AG One hand FeatherLite


----------



## Art Vandelay (Oct 9, 2008)

The new SOG Access card is only 3/16" thick without the clip.


----------



## HoopleHead (Oct 10, 2008)

theres a new kershaw leek with a different steel and a tanto/wharnie-ish blade

http://www.knifecenter.com/kc_new/store_detail.html?s=KS1660TSW


----------



## Monocrom (Oct 10, 2008)

It's not an A/O, but the Spyderco Centofante III has the thinnest blade profile I've ever seen on a folding knife.


----------



## datiLED (Oct 10, 2008)

Wow... this is opening up a whole new world for me. And I thought that flashlights were expensive.   

Since I really don't have anything to compare to, I may pick up a used Leek on the CPFMP if I see one at a good price. I will need to spend some more time looking at all of the suggestions mentioned here, because it is a bit overwhelming at this point.

Thanks again! :thumbsup:


----------



## HoopleHead (Oct 10, 2008)

one more suggestion, that i use often:

knifecenter.com has a GREAT return policy. youll lose shipping both ways, but IMHO a small price to pay to get several knives in your hands to compare side by side. ill typically order 3-5 and then only keep the 1-2 i really like. definitely worthwhile if you have a bunch youre trying to decide between.

welcome to the new world!


----------



## BIGIRON (Oct 10, 2008)

Hoop, please don't do that to a merchant. Anyone in retail can tell you that a return is just about the equivalent of a total loss - the handling and restocking are time consuming and costly. Many items must be sold at a loss as "open box".

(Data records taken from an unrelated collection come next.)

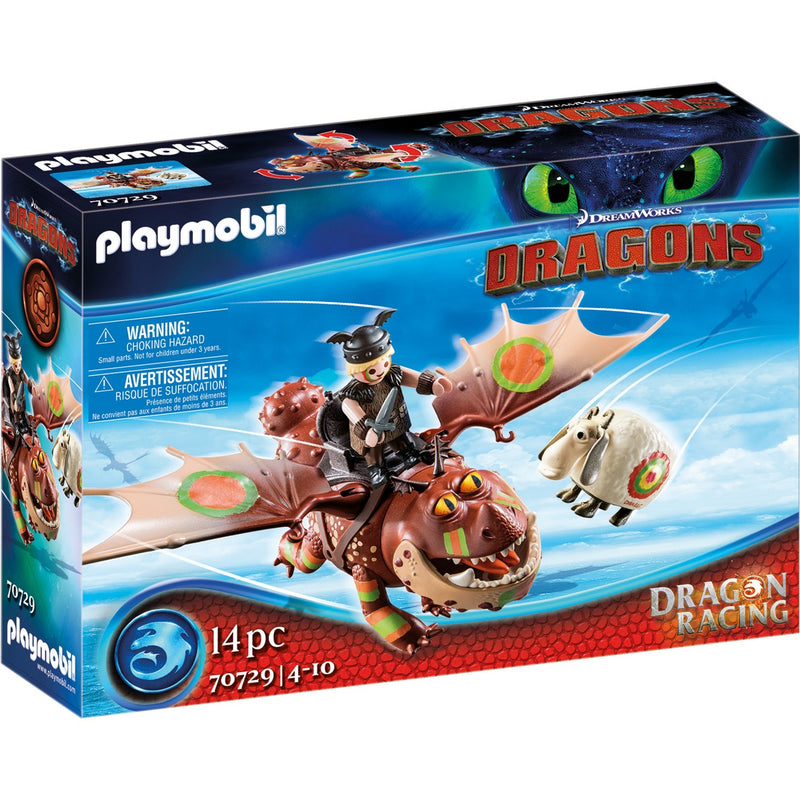 Afbeelding laden in galerijviewer, PLAYMOBIL Dragons Dragon Racing: Vissenpoot en Speknekje
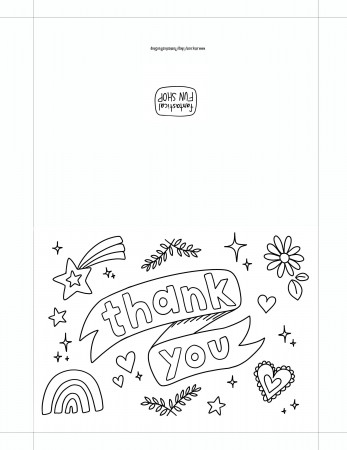 PRINTABLE Thank You Card From Child ...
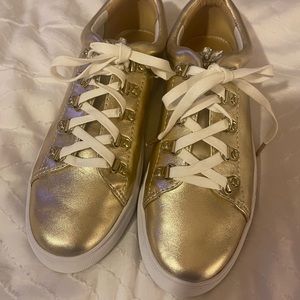 Lilly Pulitzer Gold Sneakers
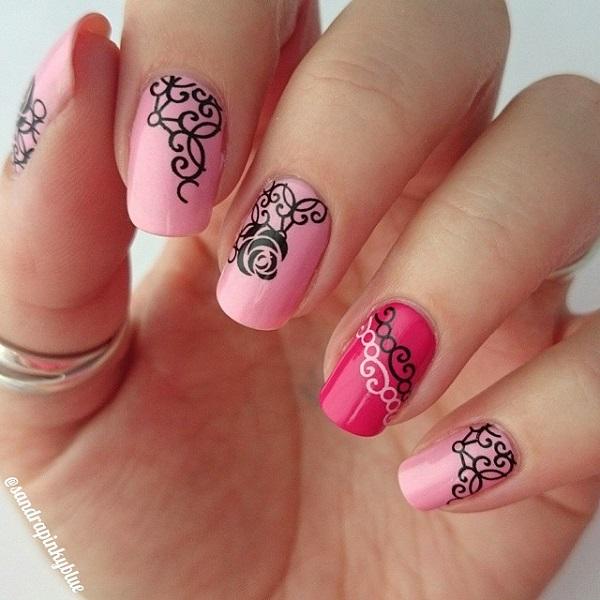 50 Pink Nail Art Designs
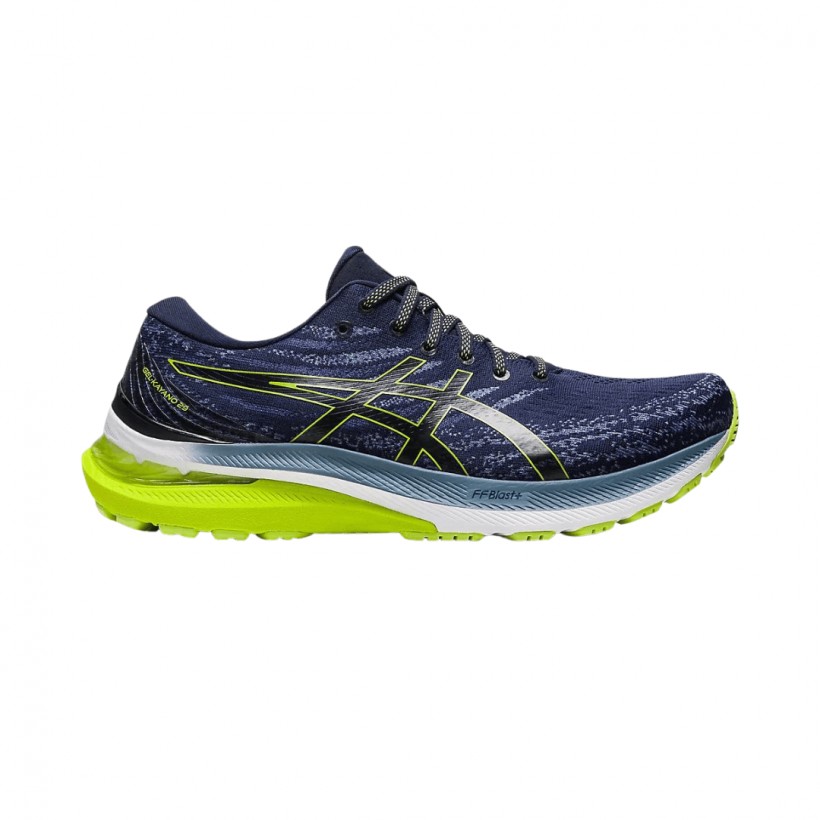 Trainers Asics Gel Kayano 29 Blue Lime Green AW22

If you've done it several times, I'm surprised they haven't flagged you as a "no further returns" or other "special" customer.

Not to discourage legitimate returns that are a poor fit, defective, etc.


----------



## HoopleHead (Oct 10, 2008)

i dunno, ive been doing it regularly for several years with no probs. i do buy a lot from them though, and am always careful when handling/repacking. i wouldnt do it to a small mom n pop store type merchant, but...

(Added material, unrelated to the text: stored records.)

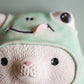 Frog Suit Cat Wall Pillow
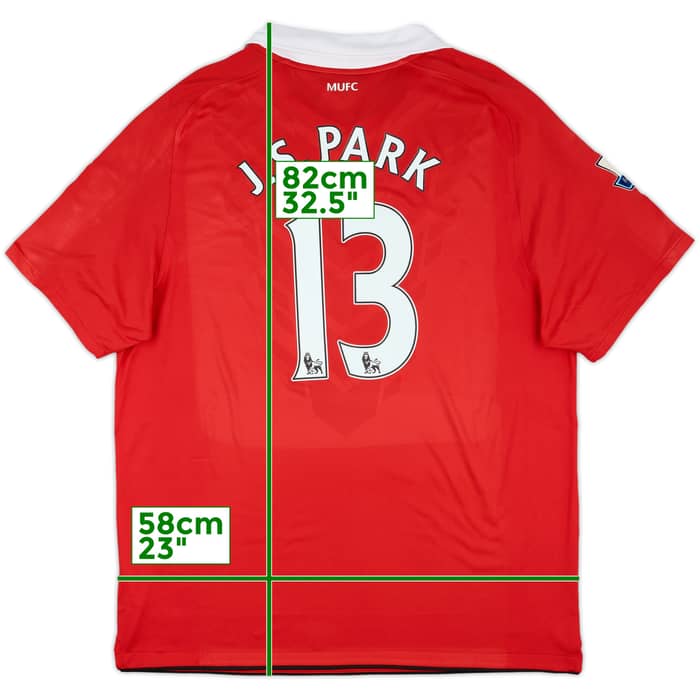 2010-11 Manchester United Home Shirt J.S.Park #13 - 6/10 - (XL)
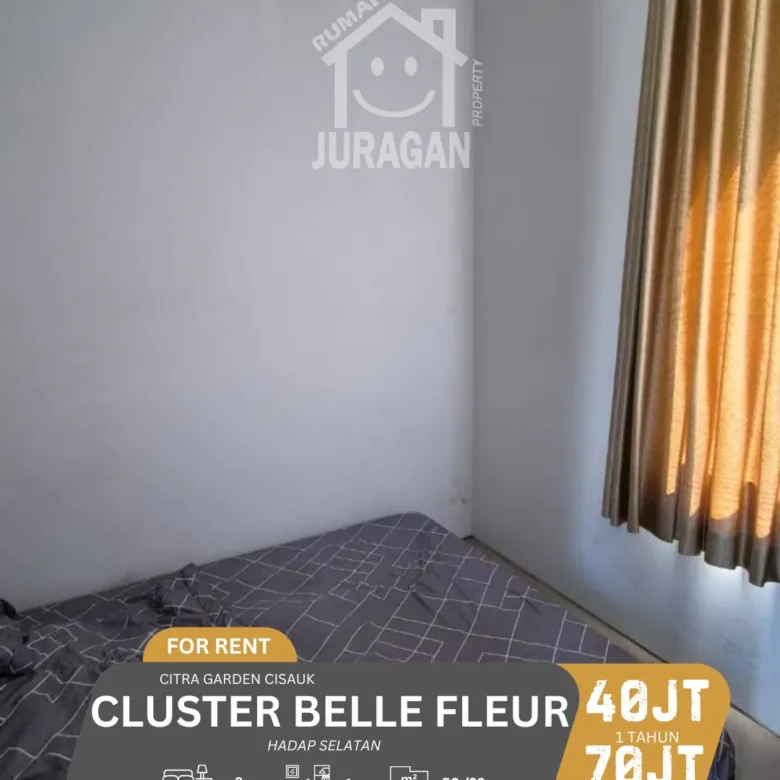 DISEWAKAN RUMAH CITRA GARDEN CISAUK – CLUSTER BELLE FLEUR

i hear ya, i guess i just dont feel guilty within the context of this specific merchant.


----------



## 83Venture (Oct 10, 2008)

In AO I like the SOG Twitch II, Non-AO BOKER Trance. I have not seen one yet but I have also been considering the Kershaw 1840 Shallot but it has a 3.5 blade so is past your blade limit.


----------



## BIGIRON (Oct 10, 2008)

Glad you recognize the issue, Hoop. I spent a lifetime in retail one year and am really sensitive about that -- particularly because my trophy wife is the worst offender in the world.


----------



## UnknownVT (Oct 14, 2008)

Ratus said:


> here is exactly what you asked for the Kershaw Ken Onion Leek, Model 1660


 
Very good call.

I like the Kershaw Leek so much I have 5 of them - 4 of them are thin with the all steel frame-locks - here are my reviews on BladeForum.com (you need to be registered (free) and logged-on to see these) -

Kershaw/Ken Onion LEEK (pics)

Kershaw Rainbow Leek - a pictorial review

Black "boron" Leek 

Kershaw Composite Blade Leek


----------



## datiLED (Oct 14, 2008)

Vincent,

Those are some great pictures. Based on suggestions here and my own research, I have been leaning toward the Leek. You may have just tipped the scales. The only reason that I have not bought one yet is that I have been looking for a used G-10, or a good deal on a new one. I don't like black blades, and it seems that they are the only ones that are ever on sale.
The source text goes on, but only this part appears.